Ecumenism bolstered

Published December 1, 2000

The controversial Vatican document, Dominus Iesus, has strengthened the ecumenical commitment of many German Catholics, according to Maria Jepsen, the Lutheran bishop of Hamburg in the North Elbian Evangelical Lutheran Church, who said that many Roman Catholics and Protestants in her country took communion together.

Bishop Jepsen, who became the world’s first woman Lutheran bishop in 1992, was speaking in Rome last weekend, during a visit to Rome’s Lutheran community.

She is believed to be the first female bishop to speak publicly in Rome.
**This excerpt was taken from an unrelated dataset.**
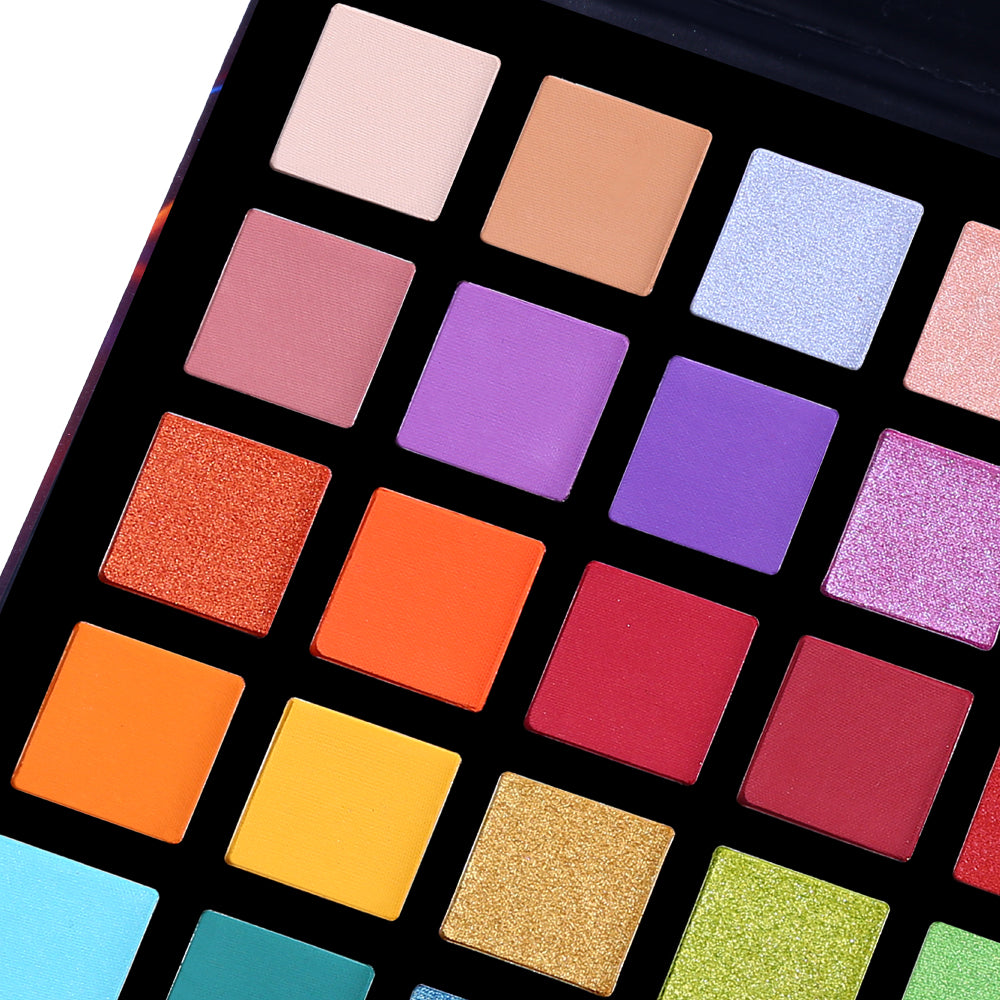 Spolight Palette - UCANBE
The city’s Lutheran pastor, Hans-Michael Uhl, told a gathering of Lutherans here that in inviting a woman bishop to speak, the community was not trying to “provoke” a reaction, but simply wanted to explain “the structure of the German Lutheran church and its way of functioning.” (The Vatican opposes the ordination of women, and Pope John Paul has declared that the Catholic church will never admit women to the priesthood.)
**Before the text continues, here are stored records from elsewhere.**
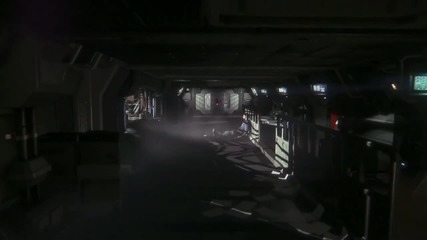 Alien Isolation Official Announcement Gameplay Trailer - transmission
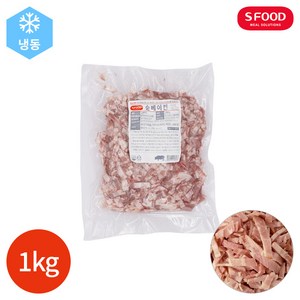 에스푸드 순 베이컨 1kg, 1개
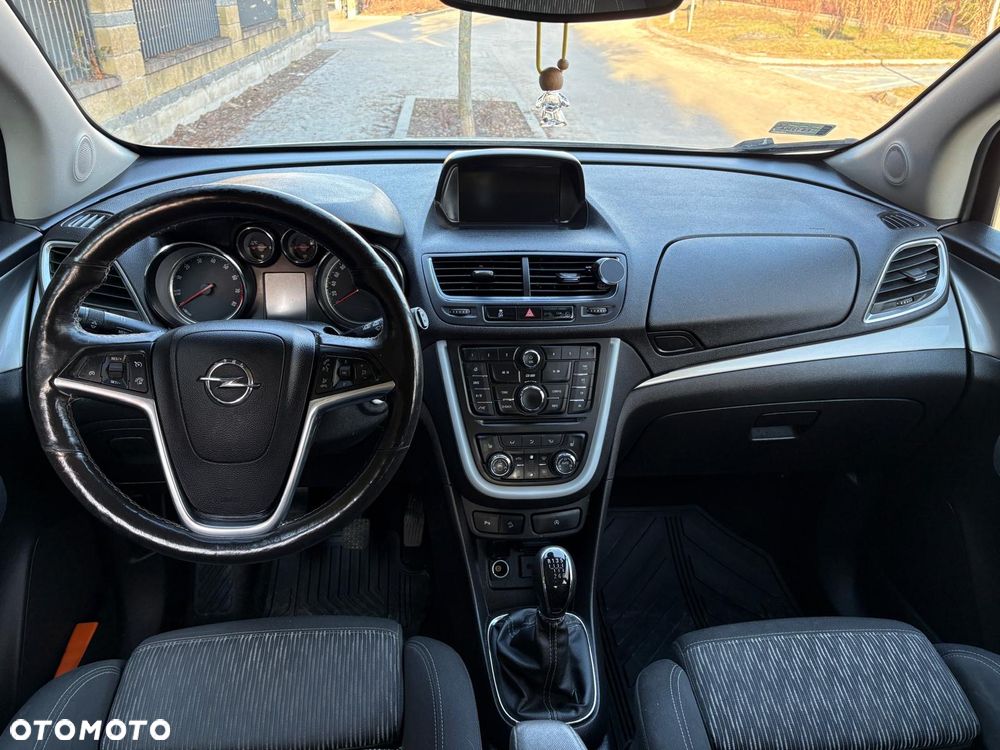 Opel Mokka 1.4 Turbo ecoFLEX Start/Stop 4x4 Edition - 10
In her speech to Rome’s Lutherans, Bishop Jepsen talked about her theological studies, her decision to ask for ordination, her 18 years of ministry in a rural community and the initial “troubles” and then “serenity” that followed her election as bishop.

She said that her ministry as a pastor and then bishop had been “a great blessing”, but she added that it had not been “without problems, because of certain sexist attitudes which are difficult to change.”